» **DATA BLOCK**
-- Opening Marker --

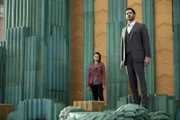 Lucifer Morningstar (Tom Ellis) und Rory (Brianna Hildebrand)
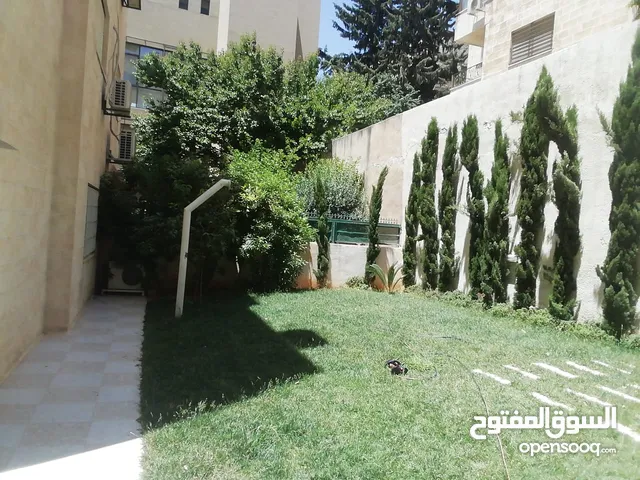 250m2 3 Bedrooms Apartments for Sale in Amman Deir Ghbar
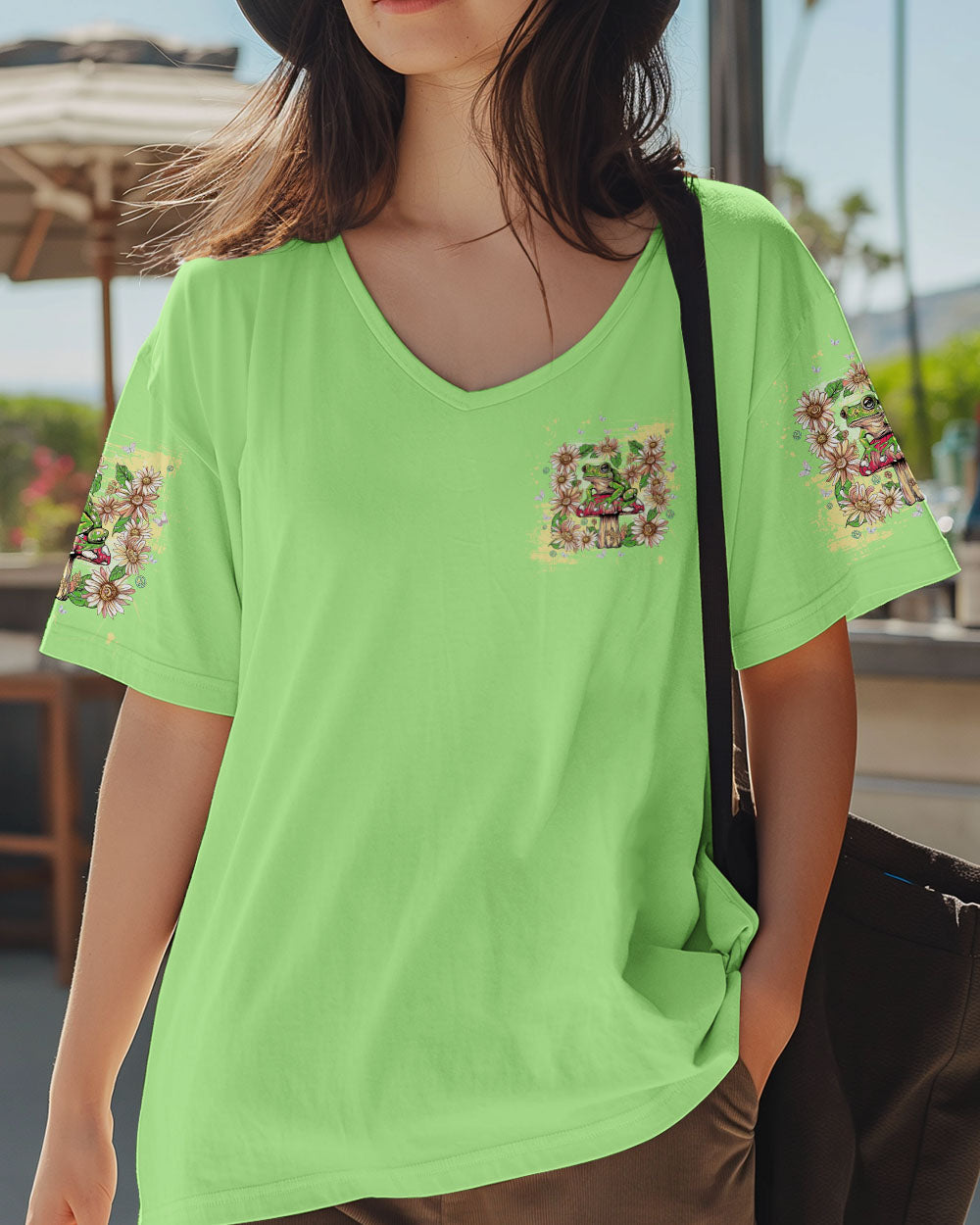 Be You the World Will Adjust Frog on Mushroom Daisy Graphic AOP Shirts _12_ agKpI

-- Closing Marker --

» **TASK STATEMENT**
Working from the material above, transcribe it exactly while omitting pictures.

» **REPLY TO THE TASK**
 Lucifer Morningstar (Tom Ellis) und Rory (Brianna Hildebrand)
 250m2 3 Bedrooms Apartments for Sale in Amman Deir Ghbar
 Be You the World Will Adjust Frog on Mushroom Daisy Graphic AOP Shirts _12_ agKpI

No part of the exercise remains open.